Dynamic Warm up – Why?

An effective warm up is designed to prepare an athlete for training or competition. As the warm up is often overlooked, this article will look to explore the benefits and reasons as to why warming up is essential to performance.

A warm up is a period that takes part before any main workout component. It looks to prepare the athlete both physically and psychologically and aims to increase muscle temperature, core temperature, and blood flow, all of which have numerous benefits before physical exertion. Warming up allows for:

• Faster muscle contractions
• Improvements in RFD (Rate of force development)
• Improvements in muscle strength and power
• Improved blood flow to active muscles
• Improved oxygen delivery
• Superior metabolic reactions

Out with the old…In with the new

Long gone are the days when static stretching was used as part of the warm up. It used to be incorporated as it was believed to enhance performance and reduce the risk of injury. However, numerous studies have shown that static stretching, pre or post exercise, have little effect on injury prevention or DOMS (delayed onset of muscle soreness). It is also worth noting that static stretching leads to numerous problems. These include:
• Decreased force production
• Decreased power performance
• Reduced running speed
• Decreased reaction speed and movement time
• Lowered strength endurance

It is clear from the list above that these problems are not going to help an athlete’s performance. So how can we prepare an athlete for training and competition?

The use of dynamic stretching has been shown NOT to elicit the same detrimental responses that static stretching does and so it should be the preferred choice during a warm up.

What makes a dynamic warm up?

Below is an example of a dynamic warm up that can be used before training or competition:

A good warm up should include a general warm up and a specific warm up. The general warm up should be made sport specific if used before sports training or competition. For example if about to play rugby, rather than simply jogging or cycling for 5 to 10 minutes, why not perform a few low intensity runs passing a rugby ball. This will provide the athlete with some sport specific movements and increase heart rate, blood flow, muscle temperature and respiration rate.

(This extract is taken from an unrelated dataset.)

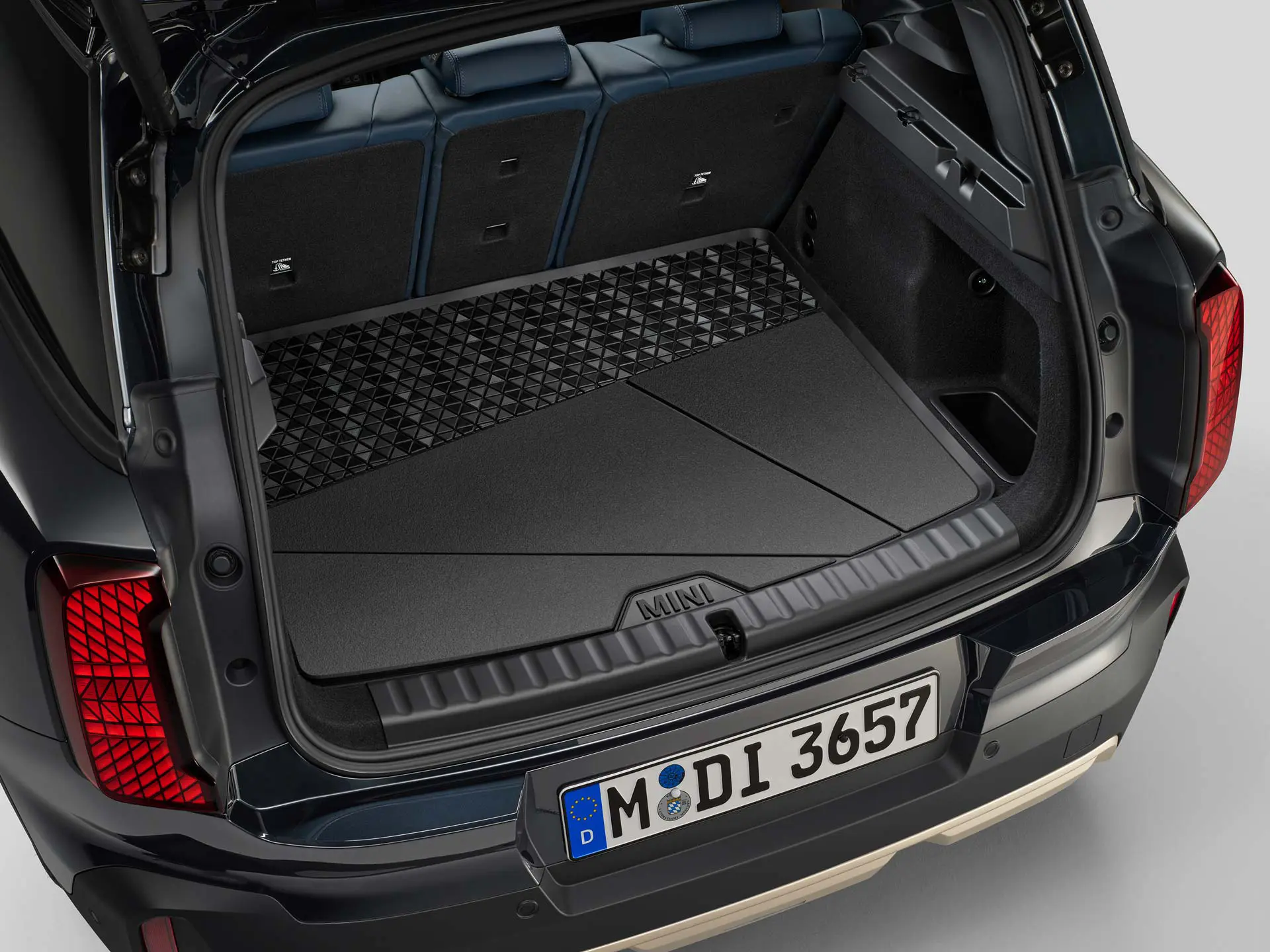 Tapis de coffre à bagages MINI à l’arrière du MINI Countryman Cooper.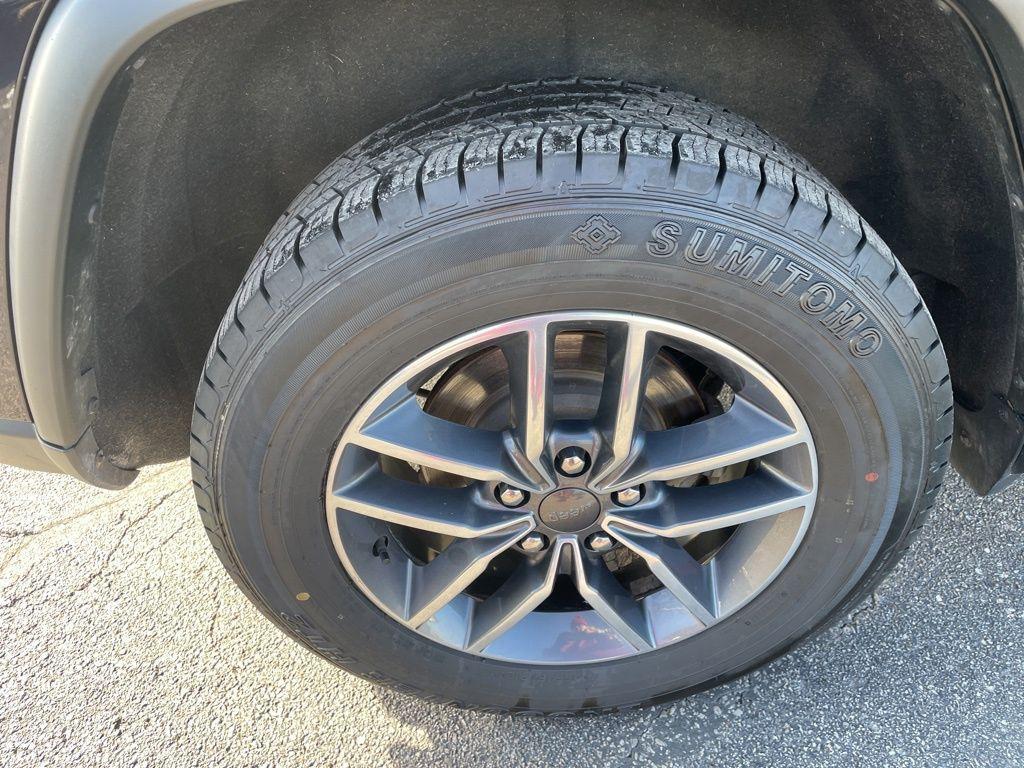 used 2020 Jeep Grand Cherokee car, priced at $14,498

Following a general warm up, a specific warm up should be included. This part would include movements that are similar to the sport that is going to be performed. Dynamic stretching would be performed with stretches that gradually increase in range of motion and intensity. If the sport requires high velocity movements, then it becomes more important that the warm up caters for this. For example, football requires lots of sprinting, so after the dynamic stretching has been performed sprint and bounding drills will need to be included. It is vital that the warm up progresses slowly and moves to higher intensity drills as the athlete gradually prepares his nervous system for the main session.